Quel est le citoyen parmi nous qui se priverait, comme Julien, Antonin, & Marc-Aurèle, de toutes les délicatesses de notre vie molle & efféminée ? qui dormirait comme eux sur la dure ? qui voudrait s’imposer leur frugalité ? qui marcherait comme eux à pied & tête nus à la tête des armées, exposé tantôt à l’ardeur du soleil, tantôt aux frimas ? qui commanderait comme eux à toutes ses passions ? Il y a parmi nous des dévots ; mais où sont les sages ? où sont les ames inébranlables, justes & tolérantes ?

Il y a eu des philosophes de cabinet en France, & tous, excepté Montagne, ont été persécutés. C’est, ce me semble, le dernier degré de la malignité de notre nature, de vouloir opprimer ces mêmes philosophes qui la veulent corriger.

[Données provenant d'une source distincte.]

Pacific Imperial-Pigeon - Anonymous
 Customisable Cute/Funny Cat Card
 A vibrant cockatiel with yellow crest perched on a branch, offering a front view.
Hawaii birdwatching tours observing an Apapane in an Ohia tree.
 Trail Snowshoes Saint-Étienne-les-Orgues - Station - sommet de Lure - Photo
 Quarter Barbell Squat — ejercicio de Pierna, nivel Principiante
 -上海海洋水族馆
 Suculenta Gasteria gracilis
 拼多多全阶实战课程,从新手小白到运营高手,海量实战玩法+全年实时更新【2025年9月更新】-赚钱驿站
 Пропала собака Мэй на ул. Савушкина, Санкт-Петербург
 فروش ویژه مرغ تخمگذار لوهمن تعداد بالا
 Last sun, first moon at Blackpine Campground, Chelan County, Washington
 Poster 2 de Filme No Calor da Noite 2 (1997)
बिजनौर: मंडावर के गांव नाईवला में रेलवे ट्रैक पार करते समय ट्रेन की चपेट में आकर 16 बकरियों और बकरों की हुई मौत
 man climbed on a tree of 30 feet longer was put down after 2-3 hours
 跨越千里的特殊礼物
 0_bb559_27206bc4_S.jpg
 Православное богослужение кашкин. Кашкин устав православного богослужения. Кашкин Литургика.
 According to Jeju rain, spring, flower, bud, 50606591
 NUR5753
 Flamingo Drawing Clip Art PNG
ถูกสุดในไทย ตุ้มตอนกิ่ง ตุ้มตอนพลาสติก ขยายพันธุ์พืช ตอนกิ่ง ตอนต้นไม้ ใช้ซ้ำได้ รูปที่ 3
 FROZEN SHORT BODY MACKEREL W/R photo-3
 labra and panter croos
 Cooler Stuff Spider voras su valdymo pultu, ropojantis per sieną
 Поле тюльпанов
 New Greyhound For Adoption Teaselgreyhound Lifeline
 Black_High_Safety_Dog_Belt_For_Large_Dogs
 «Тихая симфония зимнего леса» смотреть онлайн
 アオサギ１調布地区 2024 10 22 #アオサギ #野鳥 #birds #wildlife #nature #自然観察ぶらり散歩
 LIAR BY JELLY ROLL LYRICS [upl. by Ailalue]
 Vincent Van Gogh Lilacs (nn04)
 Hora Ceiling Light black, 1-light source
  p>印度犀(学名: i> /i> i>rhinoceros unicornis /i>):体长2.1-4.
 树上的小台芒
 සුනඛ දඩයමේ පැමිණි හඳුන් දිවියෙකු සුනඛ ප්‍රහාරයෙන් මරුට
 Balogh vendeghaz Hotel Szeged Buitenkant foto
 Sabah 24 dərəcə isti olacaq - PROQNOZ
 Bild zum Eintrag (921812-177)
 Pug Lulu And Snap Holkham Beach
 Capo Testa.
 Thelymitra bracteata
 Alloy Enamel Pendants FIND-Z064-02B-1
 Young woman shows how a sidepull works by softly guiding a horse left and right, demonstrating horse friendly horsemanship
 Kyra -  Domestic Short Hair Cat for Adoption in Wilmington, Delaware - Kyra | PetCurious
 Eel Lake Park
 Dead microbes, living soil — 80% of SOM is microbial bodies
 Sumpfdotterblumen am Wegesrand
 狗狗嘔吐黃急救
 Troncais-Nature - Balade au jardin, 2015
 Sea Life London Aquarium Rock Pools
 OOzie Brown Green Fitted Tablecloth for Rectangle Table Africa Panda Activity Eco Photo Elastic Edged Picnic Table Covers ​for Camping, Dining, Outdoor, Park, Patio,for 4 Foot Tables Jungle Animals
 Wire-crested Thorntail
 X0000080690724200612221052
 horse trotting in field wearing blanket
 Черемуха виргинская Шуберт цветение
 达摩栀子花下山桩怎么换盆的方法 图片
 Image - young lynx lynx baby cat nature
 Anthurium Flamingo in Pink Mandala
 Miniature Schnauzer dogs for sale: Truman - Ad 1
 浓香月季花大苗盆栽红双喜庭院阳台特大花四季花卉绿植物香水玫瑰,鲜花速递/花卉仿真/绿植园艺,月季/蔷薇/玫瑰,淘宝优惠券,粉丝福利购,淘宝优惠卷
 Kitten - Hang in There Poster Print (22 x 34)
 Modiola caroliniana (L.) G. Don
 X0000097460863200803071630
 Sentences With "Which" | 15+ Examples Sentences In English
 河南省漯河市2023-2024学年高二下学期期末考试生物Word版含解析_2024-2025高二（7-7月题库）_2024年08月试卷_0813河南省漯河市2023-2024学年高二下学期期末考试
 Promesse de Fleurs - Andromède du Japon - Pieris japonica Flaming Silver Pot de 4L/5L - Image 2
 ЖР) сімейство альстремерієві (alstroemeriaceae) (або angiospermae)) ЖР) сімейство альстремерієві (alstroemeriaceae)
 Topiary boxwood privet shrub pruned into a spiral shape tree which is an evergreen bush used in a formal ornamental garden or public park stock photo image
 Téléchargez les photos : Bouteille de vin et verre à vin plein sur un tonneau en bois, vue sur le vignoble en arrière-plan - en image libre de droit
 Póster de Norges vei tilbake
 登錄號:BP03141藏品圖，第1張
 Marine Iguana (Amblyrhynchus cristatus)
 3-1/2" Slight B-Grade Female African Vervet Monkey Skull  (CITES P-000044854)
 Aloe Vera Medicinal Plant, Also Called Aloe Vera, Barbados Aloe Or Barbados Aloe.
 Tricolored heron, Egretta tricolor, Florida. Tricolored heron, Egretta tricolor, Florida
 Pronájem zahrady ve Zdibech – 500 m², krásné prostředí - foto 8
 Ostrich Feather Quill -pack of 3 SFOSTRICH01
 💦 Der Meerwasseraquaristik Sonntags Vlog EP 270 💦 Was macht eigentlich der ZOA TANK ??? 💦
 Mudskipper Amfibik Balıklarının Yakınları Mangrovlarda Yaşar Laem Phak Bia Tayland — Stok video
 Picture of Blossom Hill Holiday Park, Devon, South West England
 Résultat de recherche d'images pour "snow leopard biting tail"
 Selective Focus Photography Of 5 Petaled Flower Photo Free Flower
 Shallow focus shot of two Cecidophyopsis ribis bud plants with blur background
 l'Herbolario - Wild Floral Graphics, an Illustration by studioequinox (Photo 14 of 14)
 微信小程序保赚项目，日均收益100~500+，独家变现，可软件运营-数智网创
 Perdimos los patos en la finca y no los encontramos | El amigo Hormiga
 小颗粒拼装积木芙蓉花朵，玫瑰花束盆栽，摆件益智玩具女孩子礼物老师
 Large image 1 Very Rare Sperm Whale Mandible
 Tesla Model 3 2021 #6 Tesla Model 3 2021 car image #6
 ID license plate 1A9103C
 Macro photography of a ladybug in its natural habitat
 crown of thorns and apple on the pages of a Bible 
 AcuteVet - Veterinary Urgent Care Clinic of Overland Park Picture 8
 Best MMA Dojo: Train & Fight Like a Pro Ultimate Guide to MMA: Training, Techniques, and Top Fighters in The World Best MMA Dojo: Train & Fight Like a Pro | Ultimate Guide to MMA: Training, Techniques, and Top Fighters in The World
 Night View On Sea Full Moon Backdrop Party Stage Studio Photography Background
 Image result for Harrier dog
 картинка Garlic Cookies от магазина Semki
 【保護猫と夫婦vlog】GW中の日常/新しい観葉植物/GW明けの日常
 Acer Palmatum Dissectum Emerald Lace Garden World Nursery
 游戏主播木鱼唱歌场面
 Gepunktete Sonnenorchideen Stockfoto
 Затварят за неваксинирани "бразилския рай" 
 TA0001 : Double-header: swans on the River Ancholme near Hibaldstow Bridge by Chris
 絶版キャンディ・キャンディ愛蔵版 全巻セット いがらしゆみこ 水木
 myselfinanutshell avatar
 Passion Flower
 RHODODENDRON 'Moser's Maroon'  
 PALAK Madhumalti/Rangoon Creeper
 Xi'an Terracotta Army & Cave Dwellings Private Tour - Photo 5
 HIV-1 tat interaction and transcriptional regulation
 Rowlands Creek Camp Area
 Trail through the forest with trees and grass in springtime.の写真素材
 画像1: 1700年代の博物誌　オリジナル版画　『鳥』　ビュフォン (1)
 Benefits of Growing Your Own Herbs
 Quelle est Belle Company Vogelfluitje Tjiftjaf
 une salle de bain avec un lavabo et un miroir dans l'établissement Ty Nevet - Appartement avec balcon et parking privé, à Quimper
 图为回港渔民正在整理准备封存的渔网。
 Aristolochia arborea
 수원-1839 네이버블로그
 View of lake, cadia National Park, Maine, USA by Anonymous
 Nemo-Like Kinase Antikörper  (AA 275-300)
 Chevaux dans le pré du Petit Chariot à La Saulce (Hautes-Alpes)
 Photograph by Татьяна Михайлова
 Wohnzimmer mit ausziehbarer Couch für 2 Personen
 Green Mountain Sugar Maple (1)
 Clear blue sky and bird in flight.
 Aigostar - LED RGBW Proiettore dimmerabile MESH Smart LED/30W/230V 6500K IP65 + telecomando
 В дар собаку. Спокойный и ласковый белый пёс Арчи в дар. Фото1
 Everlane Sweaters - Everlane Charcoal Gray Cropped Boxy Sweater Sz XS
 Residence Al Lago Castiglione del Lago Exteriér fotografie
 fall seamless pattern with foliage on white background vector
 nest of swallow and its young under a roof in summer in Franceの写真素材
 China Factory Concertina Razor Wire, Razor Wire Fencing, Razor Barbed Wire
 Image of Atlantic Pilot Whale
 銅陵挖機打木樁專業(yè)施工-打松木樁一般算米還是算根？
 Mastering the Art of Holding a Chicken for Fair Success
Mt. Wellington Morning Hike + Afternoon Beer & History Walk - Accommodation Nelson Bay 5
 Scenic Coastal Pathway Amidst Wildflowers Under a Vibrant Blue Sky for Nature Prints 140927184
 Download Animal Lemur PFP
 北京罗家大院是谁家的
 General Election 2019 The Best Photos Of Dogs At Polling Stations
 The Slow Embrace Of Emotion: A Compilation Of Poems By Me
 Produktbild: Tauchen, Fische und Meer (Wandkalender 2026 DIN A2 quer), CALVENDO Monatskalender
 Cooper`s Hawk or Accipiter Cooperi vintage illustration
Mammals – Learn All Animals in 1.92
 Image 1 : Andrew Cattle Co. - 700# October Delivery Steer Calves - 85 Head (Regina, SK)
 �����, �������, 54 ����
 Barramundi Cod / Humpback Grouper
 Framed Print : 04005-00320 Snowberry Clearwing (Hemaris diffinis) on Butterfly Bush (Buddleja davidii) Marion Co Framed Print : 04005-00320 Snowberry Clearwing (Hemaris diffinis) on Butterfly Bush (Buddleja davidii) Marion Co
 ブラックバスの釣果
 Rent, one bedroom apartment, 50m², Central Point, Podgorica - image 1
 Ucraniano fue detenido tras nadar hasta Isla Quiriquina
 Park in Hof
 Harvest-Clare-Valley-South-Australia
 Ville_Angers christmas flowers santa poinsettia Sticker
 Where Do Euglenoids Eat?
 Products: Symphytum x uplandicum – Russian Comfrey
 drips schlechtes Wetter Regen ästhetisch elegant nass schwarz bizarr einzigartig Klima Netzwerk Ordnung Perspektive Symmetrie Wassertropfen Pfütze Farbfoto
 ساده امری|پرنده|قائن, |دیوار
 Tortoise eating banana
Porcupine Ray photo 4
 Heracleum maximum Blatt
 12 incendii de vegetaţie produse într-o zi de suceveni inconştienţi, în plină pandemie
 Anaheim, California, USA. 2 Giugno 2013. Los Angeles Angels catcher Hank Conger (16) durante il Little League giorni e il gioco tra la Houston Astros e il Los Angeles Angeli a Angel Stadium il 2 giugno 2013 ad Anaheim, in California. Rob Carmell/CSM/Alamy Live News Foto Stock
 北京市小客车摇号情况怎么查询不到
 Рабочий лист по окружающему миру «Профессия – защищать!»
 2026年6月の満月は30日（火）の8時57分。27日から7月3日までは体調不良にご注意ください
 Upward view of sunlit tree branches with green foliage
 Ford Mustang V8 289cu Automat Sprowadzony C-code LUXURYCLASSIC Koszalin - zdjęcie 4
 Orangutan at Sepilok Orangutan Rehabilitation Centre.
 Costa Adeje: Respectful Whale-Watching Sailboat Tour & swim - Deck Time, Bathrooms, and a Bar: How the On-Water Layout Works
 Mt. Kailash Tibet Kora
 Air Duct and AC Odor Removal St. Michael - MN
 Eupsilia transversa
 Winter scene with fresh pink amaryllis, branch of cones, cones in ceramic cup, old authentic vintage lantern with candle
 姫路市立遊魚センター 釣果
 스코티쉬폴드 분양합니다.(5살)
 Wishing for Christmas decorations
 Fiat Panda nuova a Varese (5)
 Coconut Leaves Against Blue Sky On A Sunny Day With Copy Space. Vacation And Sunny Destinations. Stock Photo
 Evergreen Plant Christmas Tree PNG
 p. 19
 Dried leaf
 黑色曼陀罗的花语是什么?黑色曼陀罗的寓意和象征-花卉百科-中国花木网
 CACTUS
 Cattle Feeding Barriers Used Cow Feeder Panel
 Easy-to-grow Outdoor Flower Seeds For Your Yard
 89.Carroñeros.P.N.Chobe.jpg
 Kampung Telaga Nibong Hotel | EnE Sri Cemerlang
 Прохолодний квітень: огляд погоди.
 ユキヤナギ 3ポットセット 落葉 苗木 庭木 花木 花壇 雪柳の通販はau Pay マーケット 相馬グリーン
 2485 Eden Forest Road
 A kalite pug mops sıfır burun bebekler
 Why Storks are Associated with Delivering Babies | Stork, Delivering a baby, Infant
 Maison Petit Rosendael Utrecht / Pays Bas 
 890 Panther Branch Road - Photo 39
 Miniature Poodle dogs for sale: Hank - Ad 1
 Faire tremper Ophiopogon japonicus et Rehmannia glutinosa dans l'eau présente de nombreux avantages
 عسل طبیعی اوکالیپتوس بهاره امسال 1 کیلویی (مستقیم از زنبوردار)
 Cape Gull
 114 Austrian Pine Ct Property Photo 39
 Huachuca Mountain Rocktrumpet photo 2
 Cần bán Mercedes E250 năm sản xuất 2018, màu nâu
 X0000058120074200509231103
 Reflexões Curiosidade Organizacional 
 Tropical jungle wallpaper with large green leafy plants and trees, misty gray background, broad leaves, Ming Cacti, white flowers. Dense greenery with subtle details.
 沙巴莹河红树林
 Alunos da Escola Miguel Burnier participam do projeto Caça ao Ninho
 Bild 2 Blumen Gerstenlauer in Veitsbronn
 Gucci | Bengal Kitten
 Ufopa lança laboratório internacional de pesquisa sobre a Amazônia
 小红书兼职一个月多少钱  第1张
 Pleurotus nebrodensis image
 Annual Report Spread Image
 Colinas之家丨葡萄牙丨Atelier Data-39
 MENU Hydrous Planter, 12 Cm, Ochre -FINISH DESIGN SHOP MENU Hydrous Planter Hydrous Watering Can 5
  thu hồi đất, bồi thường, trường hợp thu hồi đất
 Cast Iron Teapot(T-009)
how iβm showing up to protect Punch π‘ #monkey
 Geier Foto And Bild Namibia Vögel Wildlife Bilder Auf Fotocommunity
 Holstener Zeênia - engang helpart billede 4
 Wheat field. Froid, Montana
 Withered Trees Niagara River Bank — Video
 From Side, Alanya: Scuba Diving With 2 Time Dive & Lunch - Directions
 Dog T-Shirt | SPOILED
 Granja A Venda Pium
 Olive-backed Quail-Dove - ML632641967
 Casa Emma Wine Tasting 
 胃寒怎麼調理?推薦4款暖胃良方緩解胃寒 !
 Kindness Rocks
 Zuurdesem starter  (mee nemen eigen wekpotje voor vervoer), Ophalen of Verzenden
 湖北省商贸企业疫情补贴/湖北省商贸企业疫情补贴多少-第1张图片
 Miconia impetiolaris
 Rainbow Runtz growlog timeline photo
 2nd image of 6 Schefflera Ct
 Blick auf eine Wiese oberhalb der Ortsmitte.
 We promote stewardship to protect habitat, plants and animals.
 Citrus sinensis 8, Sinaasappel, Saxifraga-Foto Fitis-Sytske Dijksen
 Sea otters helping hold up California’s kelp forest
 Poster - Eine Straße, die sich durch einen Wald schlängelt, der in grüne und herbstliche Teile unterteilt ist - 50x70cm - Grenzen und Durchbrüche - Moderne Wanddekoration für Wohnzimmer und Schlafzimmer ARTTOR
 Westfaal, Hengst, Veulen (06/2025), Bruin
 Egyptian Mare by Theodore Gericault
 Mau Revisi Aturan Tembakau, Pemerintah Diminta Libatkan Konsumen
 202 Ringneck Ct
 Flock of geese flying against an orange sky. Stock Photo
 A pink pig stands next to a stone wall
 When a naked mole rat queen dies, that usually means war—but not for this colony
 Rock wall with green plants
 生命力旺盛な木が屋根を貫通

Je conçois bien que des fanatiques d’une secte égorgent les enthousiastes d’une autre secte, que les franciscains haïssent les dominicains, & qu’un mauvais artiste cabale pour perdre celui qui le surpasse ; mais que le sage Charron ait été menacé de perdre la vie, que le savant & généreux Ramus ait été assassiné, que Descartes ait été obligé de fuir en Hollande pour se soustraire à la rage des ignorans, que Gassendi ait été forcé plusieurs fois de se retirer à Digne, loin des calomnies de Paris, c’est là l’opprobre éternel d’une nation.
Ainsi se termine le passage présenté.